July 1st, two weeks ago, was moving day in Montreal. Between 200,000 to 240,000 people moved their residences.The streets were filled up with worn out mattresses, broken furniture, and garbage bags of trash, recyclables, and reusable objects, all thrown together highly piggy because their owners were too rushed or too uninterested to sort out their stuff, or to take the still usable items to the local Salvation Army or Renaissance thrift stores.

It is shocking and saddening to watch these folks, who are clearly not well to do (most of them are moving themselves with the help of friends), being so wasteful with their possessions. It is as if the physical world has no meaning or reality for them.

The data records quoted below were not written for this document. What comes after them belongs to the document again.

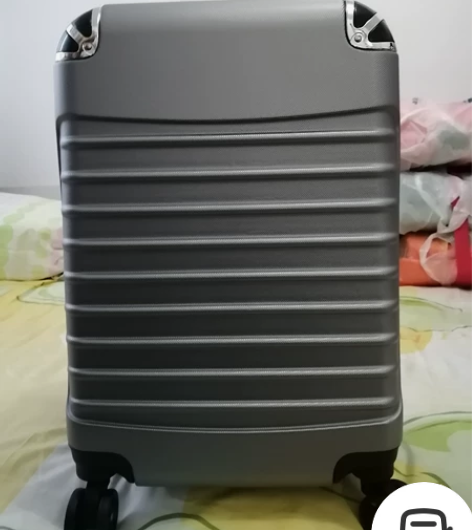全新20寸拉杆箱，万向轮+密码锁+防撞角，...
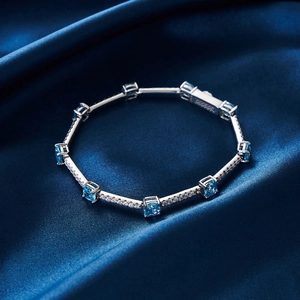 Vue macro de pierres précieuses rectangulaires bleu clair sur bracelet en argent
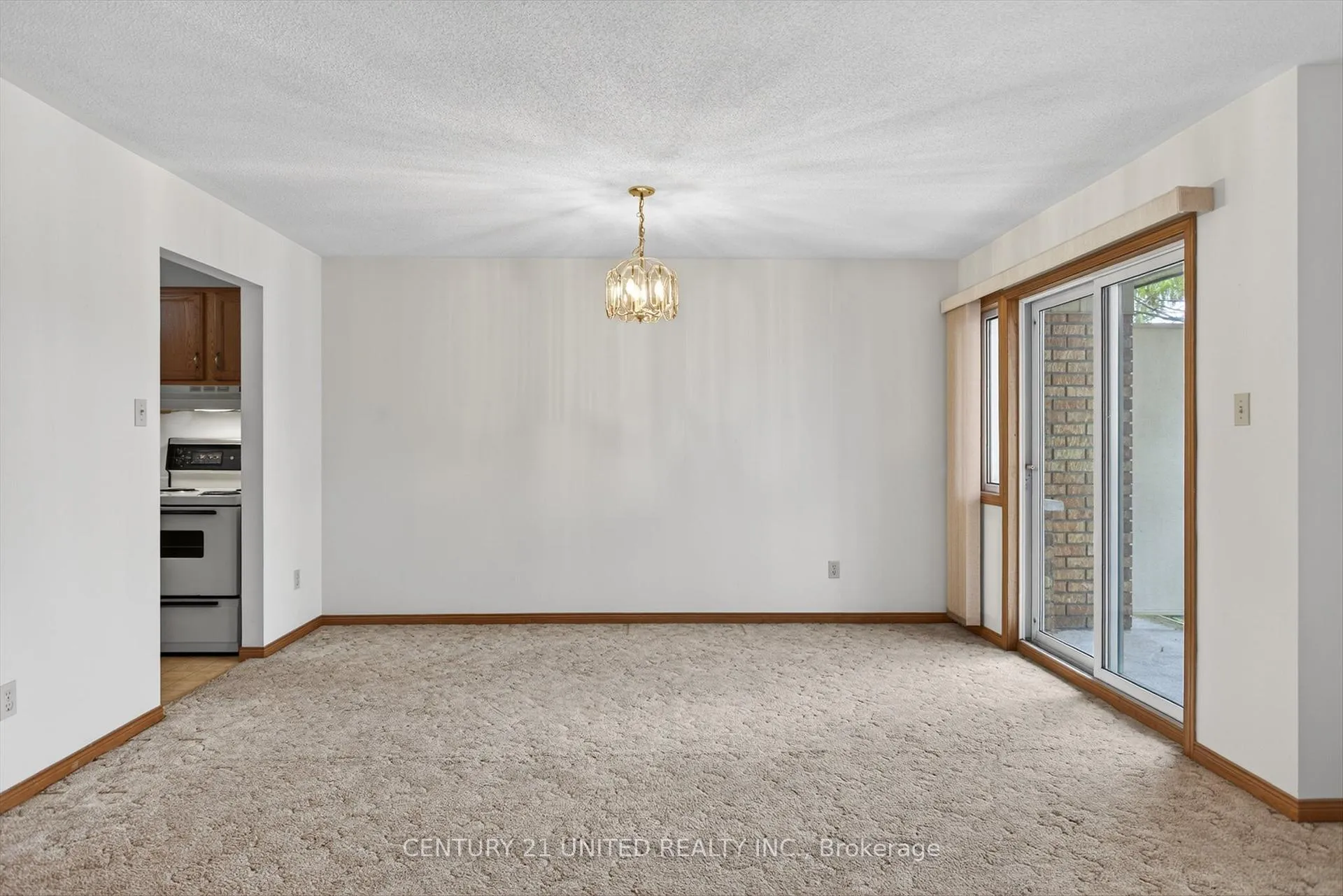 Photo 11 of Unit 206, 920 Ford Street, Peterborough, Otonabee Ward 1 — HOMEH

They have taken as a fact of living that it is normal to buy then to trash; to buy then to trash; to buy then to trash; and to repeat this process ad infinitum as if the resources of the earth are unlimited and they will have access to these resources forever!

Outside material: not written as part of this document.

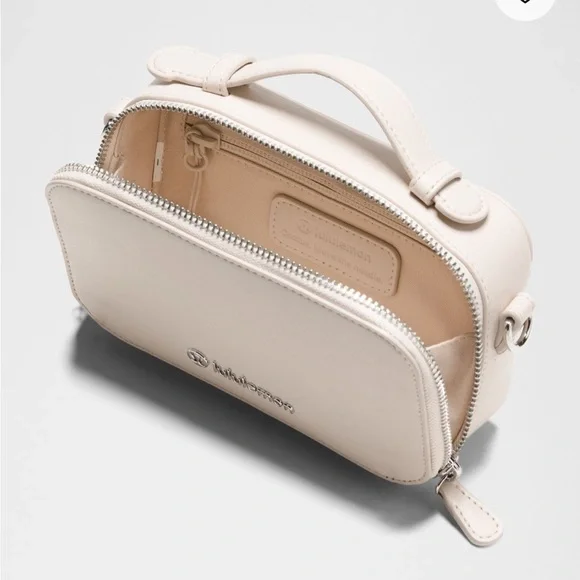 LIKE NEW lululemon Cashew Camera Crossbody Bag - Picture 8 of 9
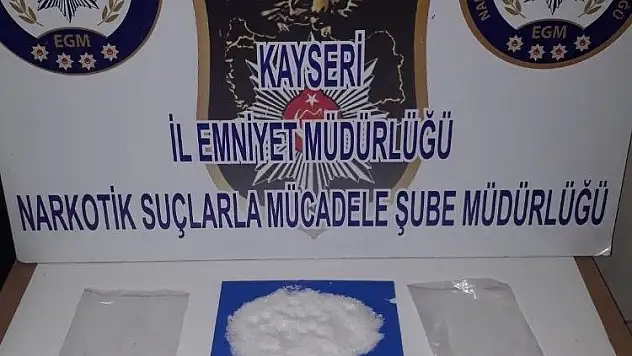 İki uyuşturucu taciri gözaltına alındı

But there is a secondary assumption at work here, and that is the belief that taking care of one’s stuff is somehow demeaning work! The goal appears to be to grow wealthy so that one can hire another person (less rich or lucky) to clean up and take care of one’s rapidly accumulating stuff.

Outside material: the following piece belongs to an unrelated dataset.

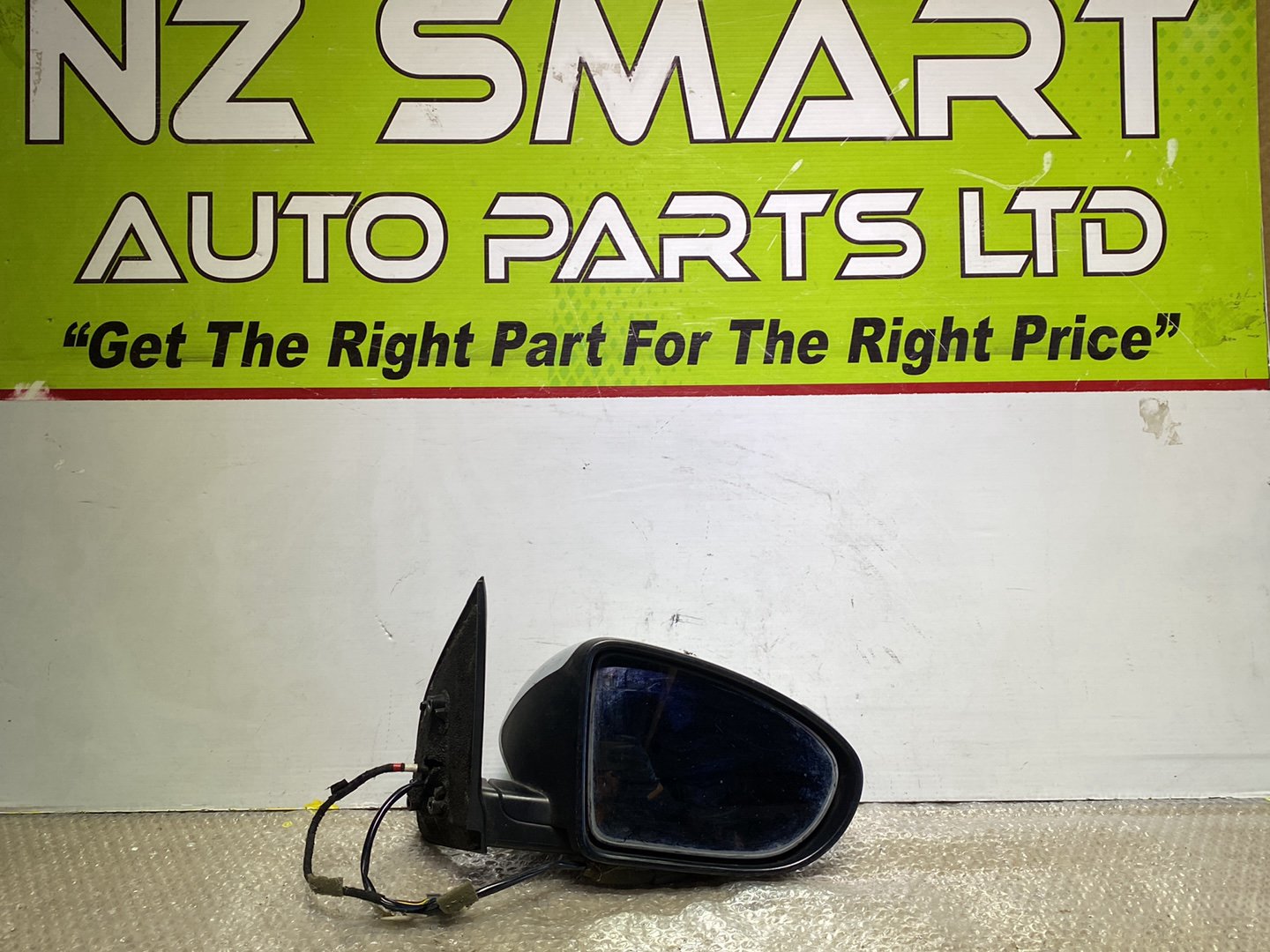 2009 Nissan Dualis- Right Door Mirror PN: 2 plugs 7 wires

So the skills of cleaning, tidying, repairing, and ordering are no longer learned nor respected. Once the skill of sewing is forgotten, a rip in a garment sentences the piece of clothing to the garbage unless one has the money and time to take it to a seamstress to be fixed. The ability to fix broken furniture is beyond the knowledge of most people even if all that is needed is wood glue & clamps. And in a disposable culture such as ours, the time needed to learn these skills makes the learning not worth doing. It is cheaper and faster to buy it new.

There also seems to me a final reason that what the care of things demands is beyond our present day understanding or interest. The world of objects, of our stuff, operates in the physical sphere which is bounded by time and energy, unlike the virtual world.  It takes discipline and the ability to stay focussed to organize and pack up a household, to take on these mundane tasks in the physical world; and this is qualitatively different than our experience in instantaneous online reality where most of us spend so much of our time.

Is it any surprise then that, as we are unable take care of the simple objects that make up our households, we find the natural world with its complexity, its vastly slower and infinitely longer time; and its profound subtleties beyond our understanding or concern?